Within a single day, the class identified 40 different networked accounts, their internet activity tightly connected to each other in a similar pattern to that seen among coordinated Russian web activity ahead of the 2016 election, Sheffield said.
“They’re digital natives, so they understand this stuff implicitly,” said the 2000 Clemson graduate, who also referenced the school’s football success. “Maybe they have a different caliber of student at Clemson today. Those national championships must have been good for recruiting.”
Abee started as a history major, but became interested in social media analytics when she took a course with the university’s Social Media Listening Center, which monitors activity on sites like Twitter. She believes better understanding of how online networks work will be critical to understanding how the world works in the 21st century.
“It is what it is, but it can be what we make it, if you learn about media literacy and how to use social media responsibly,” Abee said.
Linvill knows a fake account when he sees one. In 2018, he and fellow Clemson professor Patrick Warren published a large database of Twitter accounts they identified as Russian-backed accounts used to influence the 2016 presidential election, mapping connections between them and similarities in how they sought to engage with American voters. Since then, the two researchers have seen other countries step into the online disinformation game, including Iran.
Last week, the FBI identified Iran as likely being behind a series of threatening messages sent to voters in multiple states. The messages were sent from an account associated with the far-right group the Proud Boys, claiming the group had gained access to voting infrastructure and would “come after” voters who didn’t vote for President Donald Trump. National Intelligence Director John Ratcliffe said the Iranians’ intent was to “intimidate voters, incite social unrest and damage President Trump.”
Linvill said he can’t be sure whether the network they’ve established is ultimately acting at the direction of the Iranian government in spreading a pro-Iranian message. But he said the operations of authoritarian governments are often opaque. The Internet Research Agency in Russia, tied to much of that country’s social media activity ahead of the 2016 election, is technically run privately by a wealthy individual with ties to Russian President Vladimir Putin, Linvill noted.
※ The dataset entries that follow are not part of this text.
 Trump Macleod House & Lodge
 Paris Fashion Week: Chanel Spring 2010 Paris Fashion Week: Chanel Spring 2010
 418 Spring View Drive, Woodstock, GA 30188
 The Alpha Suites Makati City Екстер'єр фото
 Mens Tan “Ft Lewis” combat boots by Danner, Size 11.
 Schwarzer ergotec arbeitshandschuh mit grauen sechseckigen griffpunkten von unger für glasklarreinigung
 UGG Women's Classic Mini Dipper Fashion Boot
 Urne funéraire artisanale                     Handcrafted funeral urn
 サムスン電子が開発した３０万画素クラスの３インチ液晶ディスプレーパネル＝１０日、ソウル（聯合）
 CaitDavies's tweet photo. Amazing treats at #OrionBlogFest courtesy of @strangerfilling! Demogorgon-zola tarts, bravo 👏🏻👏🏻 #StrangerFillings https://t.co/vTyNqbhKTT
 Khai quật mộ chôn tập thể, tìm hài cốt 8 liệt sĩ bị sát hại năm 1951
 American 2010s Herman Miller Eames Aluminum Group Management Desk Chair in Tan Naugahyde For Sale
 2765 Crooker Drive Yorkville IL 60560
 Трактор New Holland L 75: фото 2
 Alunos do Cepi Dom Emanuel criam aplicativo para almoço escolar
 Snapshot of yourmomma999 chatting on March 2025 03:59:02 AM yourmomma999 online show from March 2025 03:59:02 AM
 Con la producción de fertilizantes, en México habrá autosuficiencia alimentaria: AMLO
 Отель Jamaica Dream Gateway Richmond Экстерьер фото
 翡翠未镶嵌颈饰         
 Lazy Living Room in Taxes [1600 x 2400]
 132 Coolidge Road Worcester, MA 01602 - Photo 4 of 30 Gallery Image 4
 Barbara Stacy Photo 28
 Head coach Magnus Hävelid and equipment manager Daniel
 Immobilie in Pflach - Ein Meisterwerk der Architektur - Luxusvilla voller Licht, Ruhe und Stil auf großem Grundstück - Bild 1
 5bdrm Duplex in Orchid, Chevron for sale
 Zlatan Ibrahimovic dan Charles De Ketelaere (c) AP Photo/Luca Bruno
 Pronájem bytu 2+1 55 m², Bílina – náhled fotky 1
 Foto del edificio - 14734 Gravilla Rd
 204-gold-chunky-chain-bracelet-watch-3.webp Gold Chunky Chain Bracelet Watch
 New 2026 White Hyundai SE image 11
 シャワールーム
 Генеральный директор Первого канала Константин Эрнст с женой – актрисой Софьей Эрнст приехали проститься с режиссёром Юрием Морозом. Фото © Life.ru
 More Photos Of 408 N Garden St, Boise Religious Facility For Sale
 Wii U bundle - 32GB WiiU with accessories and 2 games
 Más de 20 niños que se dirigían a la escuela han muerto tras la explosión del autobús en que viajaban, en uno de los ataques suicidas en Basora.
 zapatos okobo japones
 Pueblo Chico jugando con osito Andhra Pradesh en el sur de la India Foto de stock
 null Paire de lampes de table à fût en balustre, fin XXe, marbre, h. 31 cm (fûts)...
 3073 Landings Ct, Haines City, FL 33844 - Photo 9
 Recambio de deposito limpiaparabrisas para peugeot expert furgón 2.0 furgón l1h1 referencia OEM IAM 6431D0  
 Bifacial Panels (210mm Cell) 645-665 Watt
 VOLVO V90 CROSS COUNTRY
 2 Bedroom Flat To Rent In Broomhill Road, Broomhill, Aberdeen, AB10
“Iran is a theocracy, so where is the line between a religious leader (like Shojae) and the Iranian state?” Linvill asked. “He certainly has a lot of resources to spread his message.”
He’s also impressed with the amount of work his students were able to put into identifying the accounts.
“They grew up with misinformation and disinformation being part of everyday conversations,” he said, “So I’m happy they were able to put what they’ve learned into practice and do something about it.
“These accounts will be shut down because of their work,” he said. “Even if they get put back up two weeks later.”